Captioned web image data
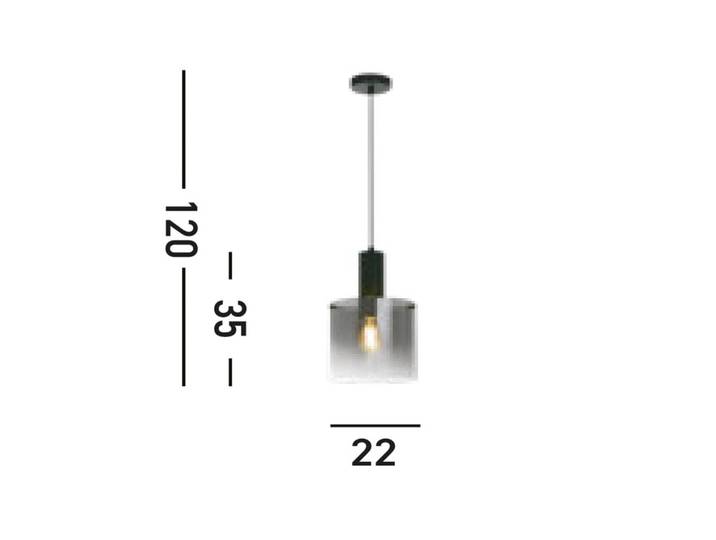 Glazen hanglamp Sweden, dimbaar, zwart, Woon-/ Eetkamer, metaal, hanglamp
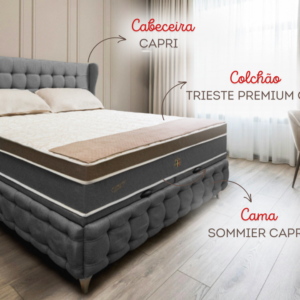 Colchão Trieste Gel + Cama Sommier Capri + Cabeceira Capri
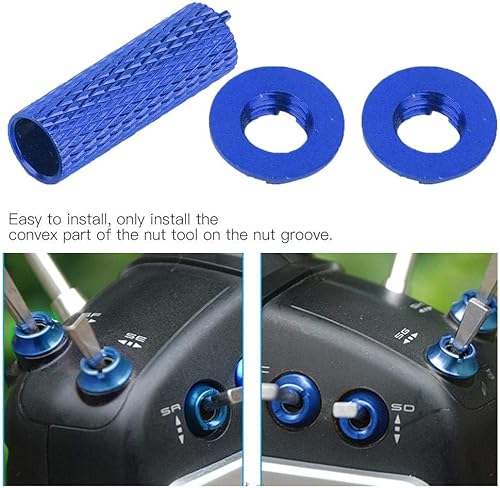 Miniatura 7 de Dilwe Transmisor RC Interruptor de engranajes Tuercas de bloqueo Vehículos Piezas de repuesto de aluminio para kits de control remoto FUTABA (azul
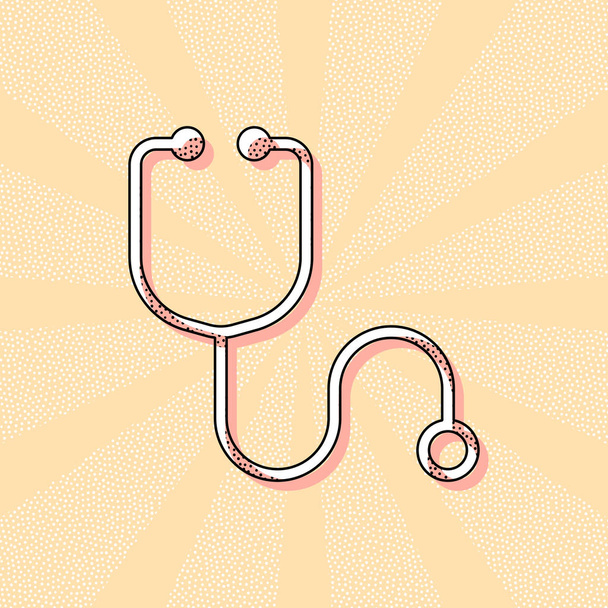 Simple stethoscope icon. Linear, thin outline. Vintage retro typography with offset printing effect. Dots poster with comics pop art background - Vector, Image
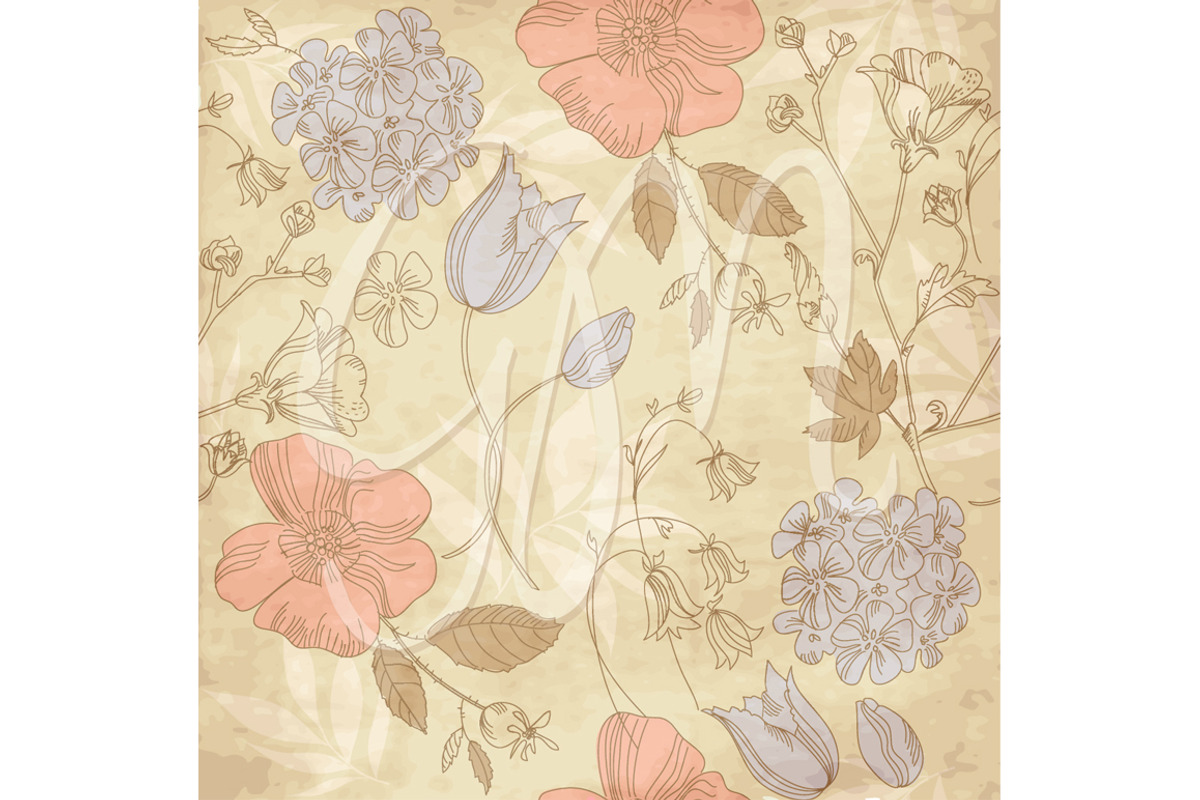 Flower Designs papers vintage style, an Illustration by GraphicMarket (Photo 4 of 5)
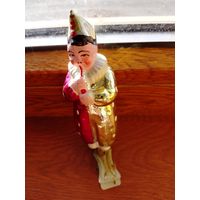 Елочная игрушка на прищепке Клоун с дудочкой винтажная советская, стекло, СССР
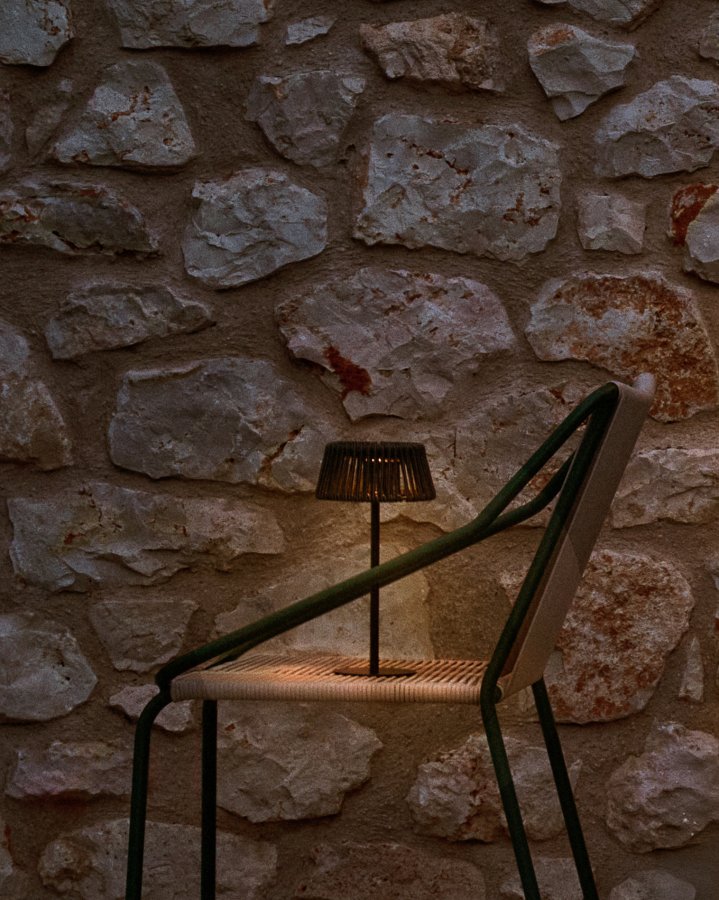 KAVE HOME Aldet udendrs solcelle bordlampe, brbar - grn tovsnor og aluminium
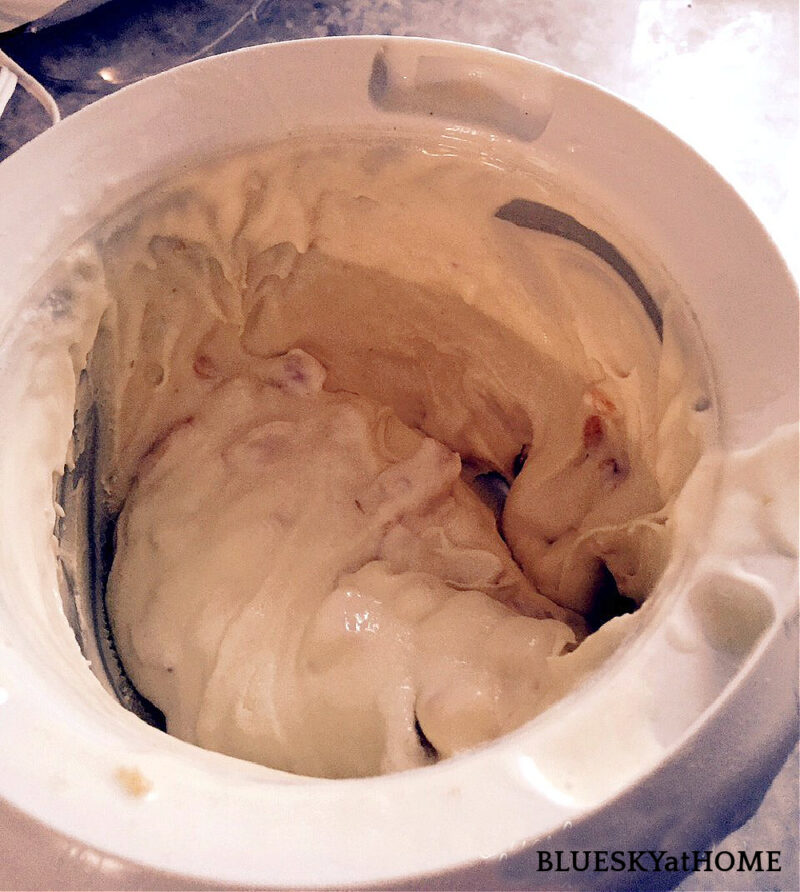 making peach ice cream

## GOAL OF THE EXERCISE
Before copying the data, remove the pictures. Then repeat the rest exactly.

## EXERCISE OUTPUT
 Glazen hanglamp Sweden, dimbaar, zwart, Woon-/ Eetkamer, metaal, hanglamp
 Colchão Trieste Gel + Cama Sommier Capri + Cabeceira Capri
 Miniatura 7 de Dilwe Transmisor RC Interruptor de engranajes Tuercas de bloqueo Vehículos Piezas de repuesto de aluminio para kits de control remoto FUTABA (azul
 Simple stethoscope icon. Linear, thin outline. Vintage retro typography with offset printing effect. Dots poster with comics pop art background - Vector, Image
 Flower Designs papers vintage style, an Illustration by GraphicMarket (Photo 4 of 5)
 Елочная игрушка на прищепке Клоун с дудочкой винтажная советская, стекло, СССР
 KAVE HOME Aldet udendrs solcelle bordlampe, brbar - grn tovsnor og aluminium
 making peach ice cream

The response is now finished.